DWP has published statistics from the beginning of the Work Programme in June 2011 to the end of June 2016. In this data release, we report on the two-year job outcome performance i.e. whether or not an individual has secured a job outcome during the entire length of time on the programme.

The headline results are:

  • The two-year Job Outcome performance is 26.7%, 1.9 percentage points above DWP's expectations. This figure is for the whole Work Programme from June 2011 to June 2016.
  • Two-year performance over the whole programme has increased slightly, from 26.3% in the June release to 26.7% now.
  • For those completing the programme in the latest two months, two-year performance has risen from around 34% in the June report to around 35%.
  • 1.87 million people have been referred to the Work programme since June 2011, equivalent to more than 50% of all benefit claimants.
  • 537,800 people have had a 'sustained' job outcome through the Work Programme.
  • ERSA - the Providers Trade Association, report that over 801,000 participants have started work - and may eventually get a 'Job Outcome'.
  • 13.8% of ESA new claimants (who are expected to be fit for work in less than a year) get a job outcome within two years, above DWP's expectation of 12.7%.
  • 10.7% of ESA new claimants who are expected to be fit for work in 12-18 months get a sustained job outcome, substantially above DWP’s expectation of 6.4%. The equivalent figure for ex-IB ESA participants is 5.0%.
  • People with a disability and those aged 50 and over are the least successful in getting a job through the Work Programme.

Learning and Work Comment

Duncan Melville, Learning and Work Chief Economist said:

“Around one quarter of Work Programme participants (26.7%) have on these latest figures secured a sustained job outcome.
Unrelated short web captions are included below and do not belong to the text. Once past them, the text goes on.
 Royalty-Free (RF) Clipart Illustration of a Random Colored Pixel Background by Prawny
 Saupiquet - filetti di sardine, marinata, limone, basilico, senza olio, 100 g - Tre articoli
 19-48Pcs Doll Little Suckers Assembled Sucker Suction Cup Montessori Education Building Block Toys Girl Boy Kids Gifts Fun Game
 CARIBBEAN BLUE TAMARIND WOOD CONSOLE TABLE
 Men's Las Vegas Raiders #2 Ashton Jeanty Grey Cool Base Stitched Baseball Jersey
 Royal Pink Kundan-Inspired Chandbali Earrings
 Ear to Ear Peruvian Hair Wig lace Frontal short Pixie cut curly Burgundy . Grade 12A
Evaluation evidence indicates that the Work Programme has performed at a similar level compared to the previous employment programmes it replaced but at a lower cost.

Funding for the new Work and Health programme will on current government plans be just one fifth of the level of funding provided for the Work Programme and Work Choice that it replaces.  There are currently two and a quarter million individuals who have been in receipt of out of work benefits for two years or more and over one and a half million who have been receiving these benefits for five years or more. In addition, the referendum decision to exit the EU is expected to weaken economic growth and create tougher labour market conditions for those wanting work. This position requires, if anything, more resources for welfare to work programmes to assist those in long term worklessness not cuts, and the Autumn Statement needs to address this.”